Many investors hold savings, investments, pension plans and insurance policies with a number of financial institutions - but while diversification is a good strategy when investing, it's not always such a good approach to planning and managing your financial assets.

Having multiple accounts and products spread across various providers can make it difficult to get a holistic view of how well your portfolio is working as a whole. Fortunately, your Financial Advisor can help you. All you need to do is make sure he or she is aware of all your holdings. When your Advisor has a comprehensive view, you can benefit in five important areas.

1. Asset allocation

Your optimal mix of investments lies along the "efficient frontier" that provides the highest potential returns for a given level of risk. Your Financial Advisor can work with you to establish your ideal portfolio based on your objectives, time horizon and risk tolerance. But if you have a heavy concentration of equities, fixed-income investments or cash in a number of places, keeping track of them may be more difficult, increasing the risk of duplication, overlap and gaps. Consolidating your investments can help lead to better overall asset allocation. In addition, consolidating your savings and debt in one place can help you see your financial picture more easily.

2. Retirement planning

No matter what your plans are for retirement - for example, leaving work to relax and travel, staying at work part-time or starting a business - your income is likely to come from more than one source. These might include government benefits, employer-based pensions, and your own registered and non-registered savings, as well as inheritances and money from downsizing to a smaller home.

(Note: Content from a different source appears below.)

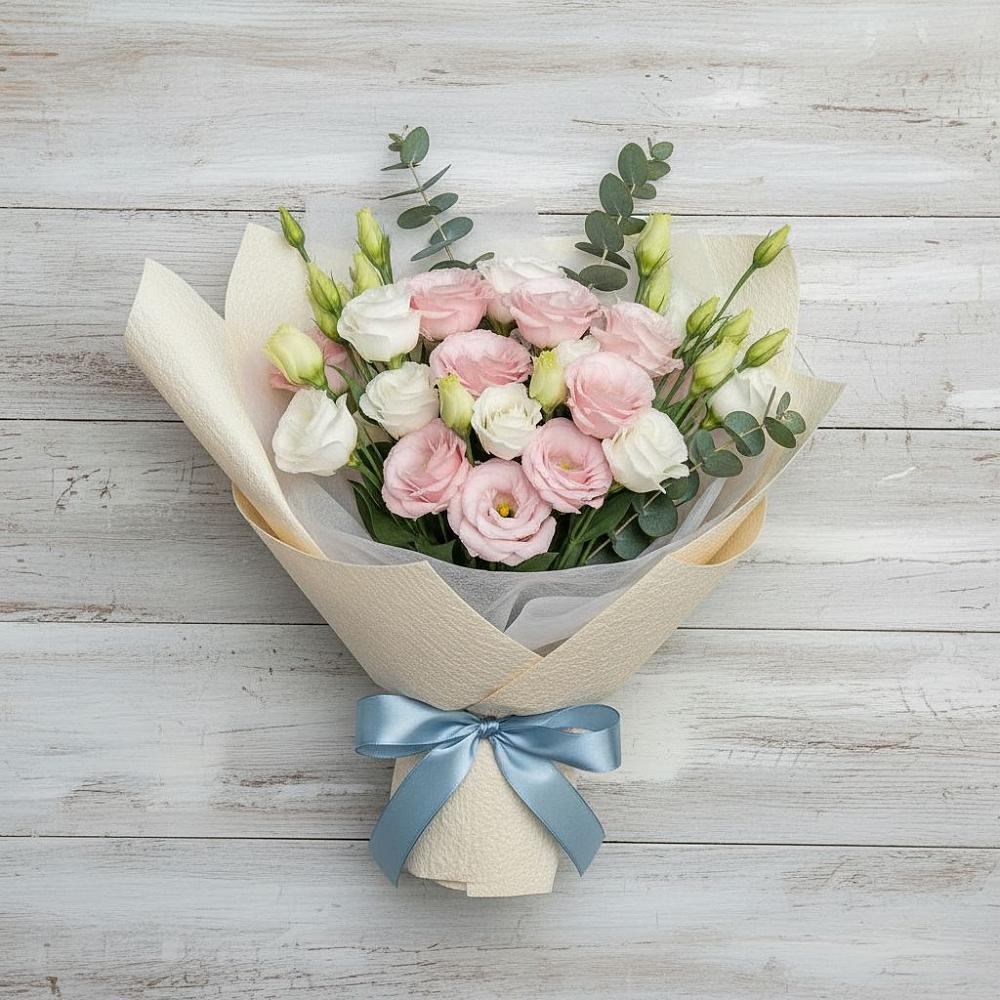 Букет цветов из: Лизиантусы в Падаре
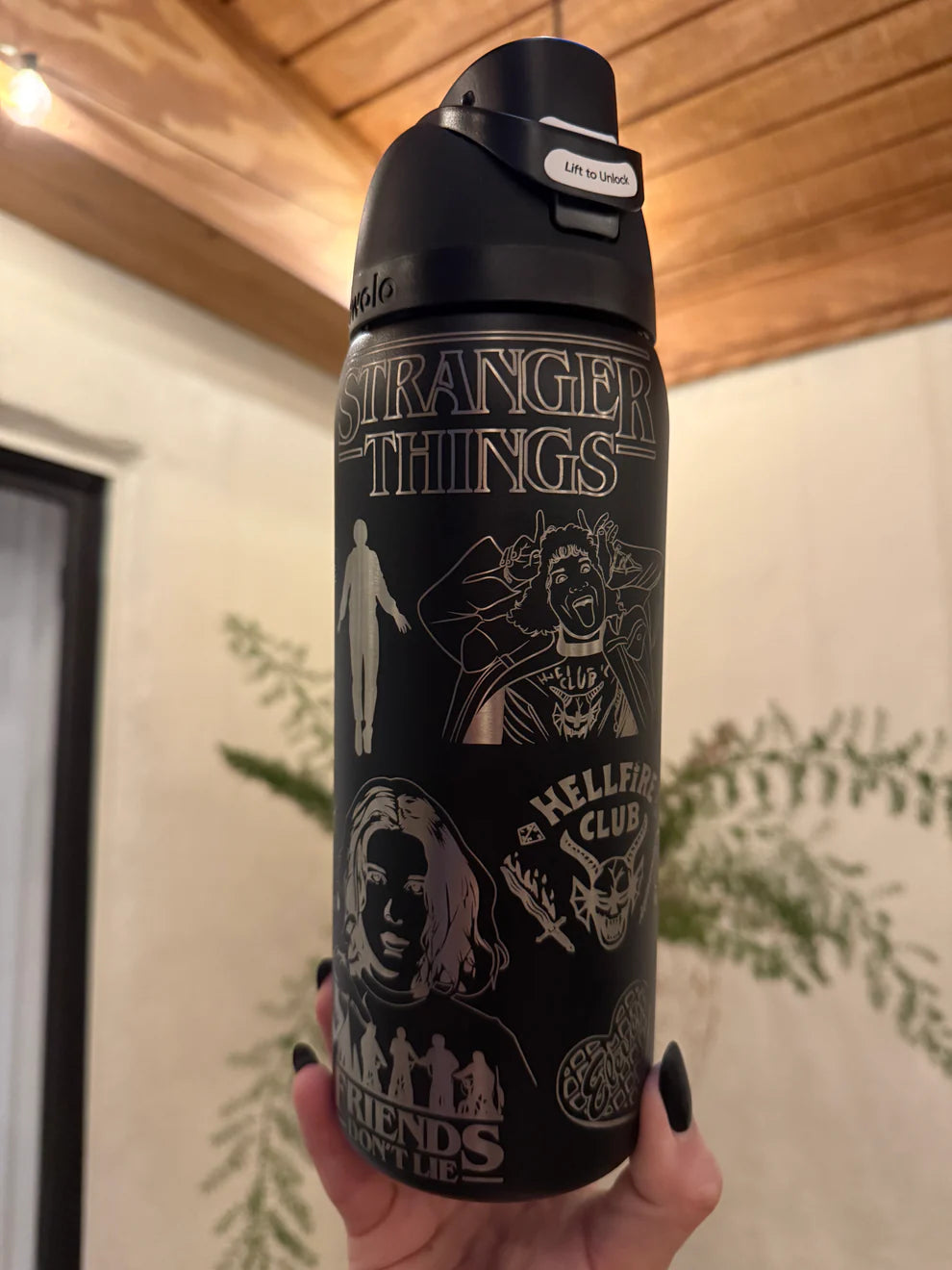 Stranger Things Engraved FreeSip 32oz Water Bottle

Your Financial Advisor needs information on all these potential sources in order to provide you with tailored investment advice for income and growth and to help craft a retirement income plan that takes into consideration various factors such as income-linked government benefits like Old Age Security.¹ Your Advisor may also suggest that you consult your professional tax advisor for advice on deferring or minimizing income tax.

3. Tax planning

Different types of income (salary, interest, dividends, and so on) are subject to different kinds of taxes. With an understanding of what you hold and where, your Financial Advisor can help you take advantage of tax-deferred and tax-free accounts as well as non-registered investments that receive preferential tax treatment. Your CIBC Financial Advisor may also encourage you to consult your professional tax advisor with regard to certain strategies like income-splitting.

4. Estate planning

In order for your CIBC Financial Advisor and other tax and estate planning professionals to help you build an estate plan, you need to provide information about everything you own, including your investments, home and vacation properties, valuable collections (art, wine, etc.) and pension plans with survivor benefits. Sharing this information with your CIBC Financial Advisor means you can work together on your plan, make strategic decisions about who inherits what, and explore effective ways to reach your estate planning goals.

5. Goals-based planning

Goals-based planning simply means identifying your goals first and then choosing the right combination of solutions to meet them, and a holistic view plays a key role in it. It is important that all your assets work together and not at cross-purposes, regardless of what institution they're with. For example, Registered Retirement Savings Plan (RRSPs) / Registered Retirement Income Fund (RRIF), Tax Free Savings Account (TFSA), Registered Education Savings Plan (RESPs) and non-registered accounts all play an important part in helping you achieve your goals.

Next steps

Savings plans, employer group RRSPs, and Canada Savings Bonds are just a few examples of items that are easily overlooked. Before your next meeting with your CIBC Financial Advisor, take a few minutes to collect all of your savings, investment, and pension plan account statements. Reviewing them together will give both of you valuable perspective on your financial situation.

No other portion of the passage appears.